Now that most companies are still largely working with a fully-remote team, many of the advantages of in-person interaction have been stripped away. Your friends and colleagues have likely joked about the fact that one can hop on a Zoom meeting in sweatpants or pajamas bottoms and no shoes, and nobody is the wiser because the camera is only focused on the shoulders up. While certainly funny, it speaks to the flexibility that employees have with their habits and appearance while working remotely. It also illustrates the fundamental difficulty facing managers trying to maintain employee well-being remotely – you simply cannot trust what you see. Signs of burnout and depression can be noticed more easily during daily in person interactions in the office. When working remotely, it’s much easier to disguise these struggles as workers can roll out of bed and be “camera ready” within minutes. Even worse, if your team doesn’t hold regular meetings first thing in the morning, you may not be able to determine when a particular employee starts working at all. 

 

There are certain measures you can implement to help you identify and address problems when dealing with the well-being of your workforce.  

 

  • Establish a daily company-wide routine. As mentioned previously, a short morning meeting at the beginning of the workday can benefit you in a number of ways. Most importantly, you’ll be able to determine who is and isn’t ready to report for duty at the starting time your company has designated. If you notice habitual tardiness or absence, you can address that individual personally. But you also provide your employees with a much-needed opportunity to socialize and feel like a part of the team. 


  • Encourage or even incentivize physical activity among employees. We’ve all heard of “The COVID Nineteen,” a reference to the weight gain phenomenon experienced by many as we shut in and hunkered down to protect ourselves from the virus. Now with the end in sight and workers beginning to resume lives that somewhat resemble their lives pre-pandemic, many are looking for the motivation to get healthier in anticipation of social outings, concerts, and more. Many managers and business owners are using this opportunity to be open about their own struggles, which can provide opportunities to form stronger relationships through related experiences and office support groups. 


  • Keep it personal – always. Even if you have regular team meetings on a weekly basis, you should always plan to communicate with each team member one on one. Make time as your schedule allows you to have personal interactions with your team, whether those be scheduled as one on one Zoom calls or a less formal reach out just to gauge their happiness and wellness. It’s easy for employees to escape notice on calls featuring dozens of talking heads on a single screen. Reach out to them personally to ensure that nobody’s feedback is missed.
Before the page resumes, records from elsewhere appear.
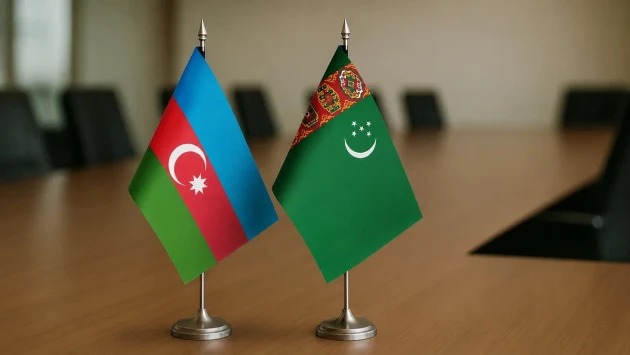 Azərbaycanın bu ölkəylə əlaqələri yeni mərhələyə yüksəlir: Əməkdaşlıq genişlənir — ŞƏRH&nbsp;&nbsp;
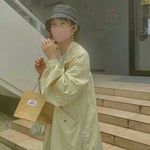 しずら - @ainingzhang62 - Instagram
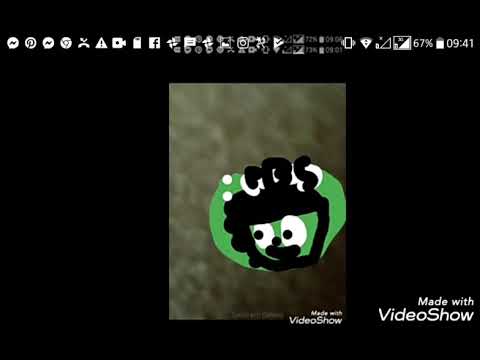 Imagine WGBH Universal PBS Kids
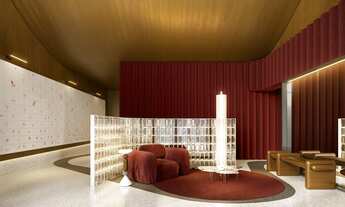 Imagem 6: APARTAMENTO RESIDENCIAL em Itapema - SC, Meia Praia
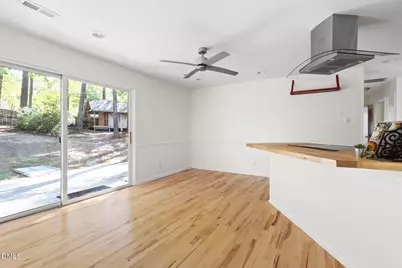 101 Oleander Road, Carrboro, NC 27510 - Photo 17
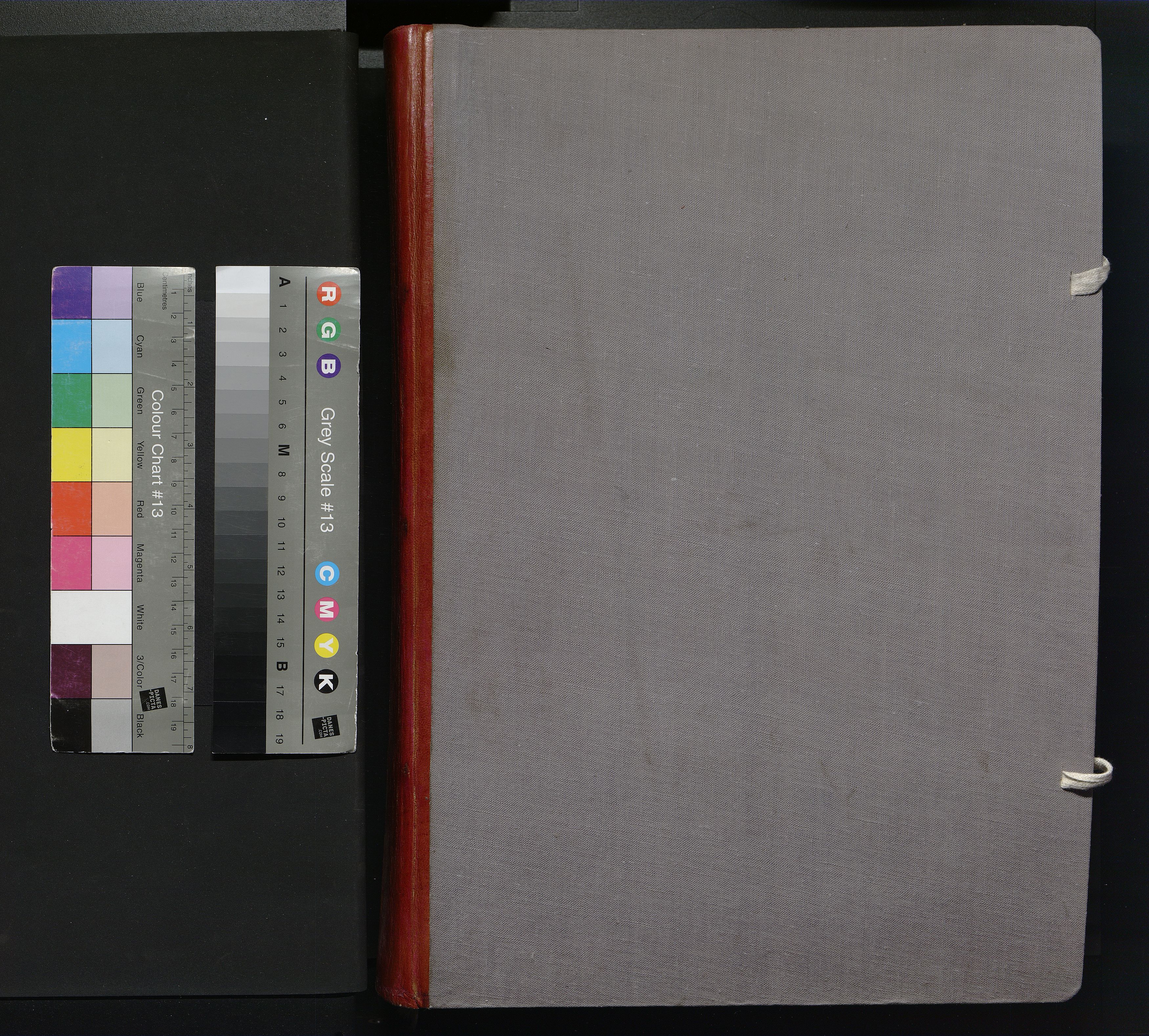 1_335_0_0_296-2_0000_okladka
This will go a long way with your team members.


  • Plan for informal virtual team gatherings focused on fellowship and team building. Working remotely can be an extremely lonely situation for many people. Not everyone lives with family or friends, and the lack of human interaction can wage devastation on employees’ mental health. Block out company time for everyone to gather via Zoom, catch up, laugh, celebrate  birthdays and holidays, and just generally get to know each other. If your company is large, set up breakout rooms for team members to get to know each other in a smaller, more intimate group setting. Prepare with fun questions, icebreaker exercises or topics beforehand, and let the conversation flow. 


As with all things related to management, addressing the physical and mental needs of your workforce is no easy task. Following the advice laid out above will lay the foundation for helping you manage your team’s wellness, but staying committed to these tips and executing a plan can be immensely challenging for managers and business owners juggling several other priorities. If you need a partner in developing a strategy to address your company’s unique needs, look no further than Cisso Bean & Dutch. Call (205) 542-8881 to get started today.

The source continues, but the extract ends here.